最近の映画

いやー、丸の内ピカデリー系(1・2・3)は『ヤッターマン』以外ボロボロですね。コケたら『おくりびと』のデスマーチはいつまで続くんでしょうか?

ザ・バンク -墜ちた巨像-:★★★
公開した時期が悪すぎた。何しろサブプライムローン問題に端を発した世界恐慌で銀行(と証券会社)がいかに地味でデタラメなことをやっていたのかが世界中に知れ渡ってしまったので、この映画のように銀行が「映画的に」わかりやすい悪事(要人暗殺、武器の密売、マネーロンダリングetc)に手を染めている作品というのはリアリティを失ってしまったような気がしまいます。例えば『ジェイソン・ボーン』シリーズが生まれた後のスパイ映画のリアリズムの問題なんかと同じ構造ですね。

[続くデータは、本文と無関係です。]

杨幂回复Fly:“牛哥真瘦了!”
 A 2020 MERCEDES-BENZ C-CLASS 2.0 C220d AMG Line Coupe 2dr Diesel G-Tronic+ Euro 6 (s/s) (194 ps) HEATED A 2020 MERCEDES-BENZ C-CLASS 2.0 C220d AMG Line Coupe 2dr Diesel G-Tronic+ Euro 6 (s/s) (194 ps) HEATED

インターポールに逮捕権がないというのは勉強になりました。あと美術館での銃撃シーンはスタイリッシュでいいです(スコアも監督が手掛けてるという珍しいパターン)。しかしクライヴ・オーウェンは住所不定な仕事が続くなぁ(そこがワイルドで好きなんだが)。


トワイライト -初恋-:★★☆
これがアメリカの「スイーツ(笑)」層のお花畑思考の具現化なわけなのね。不慣れな土地で周囲との関係に違和感を持っているところに白馬の王子様が現れてくれるけど、彼とは結ばれてはならない哀しい運命があるの、と。白馬の王子様であるところの吸血鬼が主人公の血を吸いたいけど我慢する、というのはあからさまな性衝動の抑制のメタファーでしょう。セックスのないプラトニックで美しい純愛を吸血の抑制で表現しているとしたら、「動物を食べるから僕らはベジタリアンさ」というセリフは「オナニーしてるからセックス我慢できるよ」ってことか(爆)。この辺の禁欲的恋愛は、『アメリカ人の半分はニューヨークの位置を知らない』でもふれられていた「シルバーリング運動」を思わせます。
しかし何で白馬の王子様であるバンパイアはこの主人公の女の子にそこまで惚れるかね?その姿に説得力はないし、何かしらの伏線があってのことでもないし。もっとも「スイーツ(笑)」な娘さんにとっては平凡な女の子の方が自分自身を重ねやすいんだろうけど。
あ、でもね、次回作もちゃんと見ますよ。ダコタ・ファニングVer.2.0が出演するので。